Eishockey

Sonntag im Halbfinale? Adler nach Aufholjagd im Vorteil

Die Adler Mannheim können wie München und Straubing am Sonntag dem ERC Ingolstadt ins Playoff-Halbfinale um die deutsche Eishockey-Meisterschaft folgen. Eine irre Aufholjagd soll einen Schub geben.

Stürmer David Wolf bleibt bei den Adler Mannheim. Foto: Uwe Anspach/dpa/Archivbild
Stürmer David Wolf bleibt bei den Adler Mannheim.

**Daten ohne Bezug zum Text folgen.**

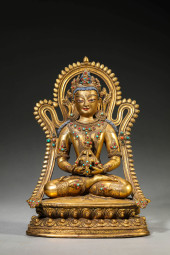 A GILT-COPPER AMITAYUS BUDDHA<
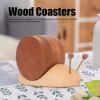 5 Pcs Drink Coasters Funny Coasters Snail Coaster Set Drink Coasters Set of 2 with Magnet, Cup Mat for Drinks Cute Exquisite Wood Drink Coasters for Home Restaurant Coasters view 2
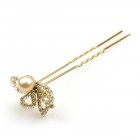 Zephyr Hair Pin with Bead ~ Gold Plated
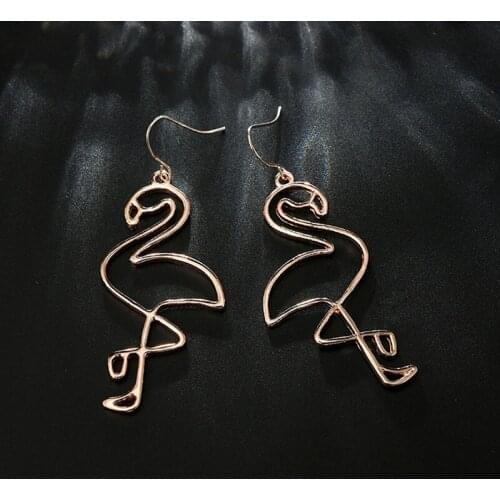 2021 New Personality Trend Irregular Geometric Flamingo Earrings Star Fashion Street Shoot Jewelry Accessories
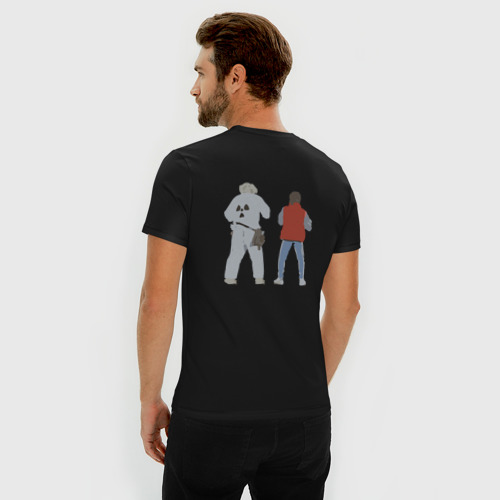 Мужская футболка хлопок Slim с принтом Назад в будущее делориан 2022, вид сзади #2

Mannheim (dpa/lsw) - Nach dem spektakulären 4:3-Sieg im Playoff-Viertelfinale der Deutschen Eishockey Liga gegen die Kölner Haie sieht der Olympia-Zweite David Wolf von Adler Mannheim einen mentalen Vorteil bei seinem Team. Die Mannheimer hatten am Freitag beim Serienstand von 2:2-Siegen unmittelbar vor der dritten Niederlage gestanden. Mit 0:3 lagen sie gegen die Kölner zurück und bis eine halbe Minute vor dem Ende noch 2:3, ehe die Adler mit einem Doppelschlag der Nationalspieler Wolf und Nicolas Krämmer binnen 13 Sekunden doch noch gewannen.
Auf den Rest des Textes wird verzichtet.